Despite the lack of any constitutional or precedential basis for this unqualified veto power, since the late 1970s presidents have repeatedly registered their objections to disagreeable laws in their signing statements. These statements are typically issued when presidents apply their signature to a bill, but note presidents’ objections to certain provisions of such laws. May finds that while there were only a handful of such statements outlining constitutional objections in the years before World War II, in recent years some presidents have issued such statements 20% of the time a bill comes to their desk. May also finds that such statements increase dramatically during election years.

Is executive non-compliance with duly passed laws ever permissible? May argues that under very narrow circumstances, a refusal to enforce, or a decision to defy a law is legitimate. Such actions are permissible 1) if defiance is the only way to bring the issue to the judiciary’s attention for proper resolution, 2) if the unconstitutionality of the law must be clearly supported by the text of the Constitution itself, the intent of the founders, or prior Supreme Court rulings, 3) if the White House has exhausted all other possible remedies, and 4) if, when the executive chooses to defy the law, it takes all possible steps to ensure that judicial review does occur. Such conditions have never been met in practice.

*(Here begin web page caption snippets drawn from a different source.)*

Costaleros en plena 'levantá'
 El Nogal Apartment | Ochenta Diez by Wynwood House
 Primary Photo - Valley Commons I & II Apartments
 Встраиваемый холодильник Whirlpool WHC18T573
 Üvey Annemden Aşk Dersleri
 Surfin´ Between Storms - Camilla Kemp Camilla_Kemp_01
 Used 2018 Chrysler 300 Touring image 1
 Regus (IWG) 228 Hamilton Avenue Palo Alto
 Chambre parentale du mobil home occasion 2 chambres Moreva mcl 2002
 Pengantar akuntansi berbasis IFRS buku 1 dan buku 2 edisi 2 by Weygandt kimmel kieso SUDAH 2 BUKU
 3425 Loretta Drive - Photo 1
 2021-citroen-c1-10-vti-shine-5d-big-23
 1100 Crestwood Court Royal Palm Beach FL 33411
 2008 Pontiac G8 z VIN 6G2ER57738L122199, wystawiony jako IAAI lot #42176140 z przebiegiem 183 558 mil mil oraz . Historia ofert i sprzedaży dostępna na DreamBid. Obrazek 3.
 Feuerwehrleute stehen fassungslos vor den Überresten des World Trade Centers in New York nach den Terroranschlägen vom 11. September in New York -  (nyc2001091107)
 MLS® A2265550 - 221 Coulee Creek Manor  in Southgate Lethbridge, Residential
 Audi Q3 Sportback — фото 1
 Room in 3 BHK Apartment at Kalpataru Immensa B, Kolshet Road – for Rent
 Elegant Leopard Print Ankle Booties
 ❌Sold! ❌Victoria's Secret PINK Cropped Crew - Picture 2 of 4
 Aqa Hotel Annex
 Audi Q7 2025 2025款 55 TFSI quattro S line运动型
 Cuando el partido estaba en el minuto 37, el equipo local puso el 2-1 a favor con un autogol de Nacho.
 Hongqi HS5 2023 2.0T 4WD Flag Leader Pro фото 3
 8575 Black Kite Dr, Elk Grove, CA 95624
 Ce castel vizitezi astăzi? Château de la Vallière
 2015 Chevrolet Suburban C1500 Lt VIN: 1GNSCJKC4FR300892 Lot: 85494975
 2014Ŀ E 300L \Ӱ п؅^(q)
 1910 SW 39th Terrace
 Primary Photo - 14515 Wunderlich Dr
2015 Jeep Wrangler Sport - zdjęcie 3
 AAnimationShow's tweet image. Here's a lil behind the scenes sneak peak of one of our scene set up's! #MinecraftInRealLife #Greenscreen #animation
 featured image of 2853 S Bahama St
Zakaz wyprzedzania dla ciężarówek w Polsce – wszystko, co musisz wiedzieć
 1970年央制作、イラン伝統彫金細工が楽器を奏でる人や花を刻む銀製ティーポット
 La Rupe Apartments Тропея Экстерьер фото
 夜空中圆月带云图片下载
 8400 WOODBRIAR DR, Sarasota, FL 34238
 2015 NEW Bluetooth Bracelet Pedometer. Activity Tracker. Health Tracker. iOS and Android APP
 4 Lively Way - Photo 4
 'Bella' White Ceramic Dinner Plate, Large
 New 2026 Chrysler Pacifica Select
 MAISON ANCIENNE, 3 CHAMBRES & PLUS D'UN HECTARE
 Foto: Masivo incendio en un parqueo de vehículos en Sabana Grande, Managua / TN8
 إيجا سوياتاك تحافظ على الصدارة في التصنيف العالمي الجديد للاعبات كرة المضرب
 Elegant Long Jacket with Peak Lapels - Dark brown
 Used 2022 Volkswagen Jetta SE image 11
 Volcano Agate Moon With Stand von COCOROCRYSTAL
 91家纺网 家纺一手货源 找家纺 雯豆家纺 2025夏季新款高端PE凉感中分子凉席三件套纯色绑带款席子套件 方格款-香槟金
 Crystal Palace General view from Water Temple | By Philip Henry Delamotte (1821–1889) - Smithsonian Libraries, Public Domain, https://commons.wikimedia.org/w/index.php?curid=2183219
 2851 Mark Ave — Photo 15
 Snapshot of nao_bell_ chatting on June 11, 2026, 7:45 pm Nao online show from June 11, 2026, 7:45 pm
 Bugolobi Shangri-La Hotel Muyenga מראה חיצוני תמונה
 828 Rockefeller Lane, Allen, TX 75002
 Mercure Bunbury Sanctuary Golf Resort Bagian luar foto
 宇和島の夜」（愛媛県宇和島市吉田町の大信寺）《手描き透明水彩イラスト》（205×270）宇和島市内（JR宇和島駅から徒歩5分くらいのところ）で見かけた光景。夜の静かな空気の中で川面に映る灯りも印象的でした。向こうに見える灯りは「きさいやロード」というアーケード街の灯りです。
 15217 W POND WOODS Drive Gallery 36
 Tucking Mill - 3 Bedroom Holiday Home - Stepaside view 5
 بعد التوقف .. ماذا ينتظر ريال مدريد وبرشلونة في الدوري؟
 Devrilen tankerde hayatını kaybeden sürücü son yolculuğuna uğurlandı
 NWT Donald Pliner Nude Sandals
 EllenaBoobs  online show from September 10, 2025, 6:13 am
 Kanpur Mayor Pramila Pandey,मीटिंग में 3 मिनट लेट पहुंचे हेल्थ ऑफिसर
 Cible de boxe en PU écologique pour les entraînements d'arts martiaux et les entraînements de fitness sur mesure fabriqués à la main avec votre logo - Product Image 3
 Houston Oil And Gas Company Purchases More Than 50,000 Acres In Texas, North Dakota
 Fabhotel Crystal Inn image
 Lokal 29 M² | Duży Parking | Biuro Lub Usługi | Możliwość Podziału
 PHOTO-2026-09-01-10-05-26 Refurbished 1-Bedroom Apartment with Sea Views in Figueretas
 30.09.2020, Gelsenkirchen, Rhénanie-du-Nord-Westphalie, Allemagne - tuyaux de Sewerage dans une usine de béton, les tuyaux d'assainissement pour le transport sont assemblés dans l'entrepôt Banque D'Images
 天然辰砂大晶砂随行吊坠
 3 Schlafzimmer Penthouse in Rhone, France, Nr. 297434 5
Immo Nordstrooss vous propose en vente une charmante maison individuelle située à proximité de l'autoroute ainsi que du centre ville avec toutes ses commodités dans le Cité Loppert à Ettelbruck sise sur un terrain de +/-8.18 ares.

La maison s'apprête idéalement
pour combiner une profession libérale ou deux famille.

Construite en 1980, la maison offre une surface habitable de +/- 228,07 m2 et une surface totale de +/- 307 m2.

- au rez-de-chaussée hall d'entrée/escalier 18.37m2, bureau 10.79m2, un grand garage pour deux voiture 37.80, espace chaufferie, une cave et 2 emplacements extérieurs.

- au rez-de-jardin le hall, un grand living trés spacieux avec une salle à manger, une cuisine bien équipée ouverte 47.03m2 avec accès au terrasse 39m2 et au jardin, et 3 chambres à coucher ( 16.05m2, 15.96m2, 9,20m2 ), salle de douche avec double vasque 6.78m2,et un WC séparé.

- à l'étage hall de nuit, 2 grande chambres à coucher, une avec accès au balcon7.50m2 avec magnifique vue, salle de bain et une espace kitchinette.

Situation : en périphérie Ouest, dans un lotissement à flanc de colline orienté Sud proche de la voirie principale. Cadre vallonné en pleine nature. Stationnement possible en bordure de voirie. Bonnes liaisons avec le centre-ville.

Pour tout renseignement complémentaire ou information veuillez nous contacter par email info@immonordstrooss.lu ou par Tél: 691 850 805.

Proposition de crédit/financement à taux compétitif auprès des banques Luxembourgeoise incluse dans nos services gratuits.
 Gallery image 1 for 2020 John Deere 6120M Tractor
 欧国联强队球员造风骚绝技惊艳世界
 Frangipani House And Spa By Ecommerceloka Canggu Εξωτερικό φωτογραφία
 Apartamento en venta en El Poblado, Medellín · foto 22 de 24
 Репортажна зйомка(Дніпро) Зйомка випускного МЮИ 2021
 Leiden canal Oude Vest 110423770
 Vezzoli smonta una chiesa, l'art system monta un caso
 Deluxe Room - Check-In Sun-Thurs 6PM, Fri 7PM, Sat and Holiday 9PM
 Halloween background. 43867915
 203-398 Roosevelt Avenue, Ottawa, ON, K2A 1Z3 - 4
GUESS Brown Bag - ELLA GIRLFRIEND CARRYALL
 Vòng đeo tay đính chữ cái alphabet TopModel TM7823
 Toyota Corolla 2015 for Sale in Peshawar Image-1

May does an admirable job of discussing this increasingly important practice and its lack of support in the Constitution and precedent. His review of the various cases where previous presidents had the opportunity to defy laws, but chose not to illustrates well their scrupulous adherence to the law. And certainly his data regarding the recent usage of signing statements demonstrates how modern presidents have broken away from such a faithful reading of the Constitution. The only major failing of the book is that it does not analyze what presidents since Jimmy Carter have done when they indicate they find unconstitutional provisions in the law. Since we know, thanks to the author, that presidents have increasingly indicated their unwillingness to enforce such laws, we must wonder if their words were followed by action, or were just bluster. If, in fact, the assertion of an unqualified veto represents a major break with history and the Constitution, the reader might legitimately wonder if these assertions indicate a willingness to act. Since the data on constitutional objections to laws passed over the president’s veto extend only to 1981, we cannot know. It would seem the most crucial evidence has been left out. Still, this book is a valuable contribution to our growing understanding of the balance of power among the three branches of government and can be recommended to scholars of any of the three branches of government.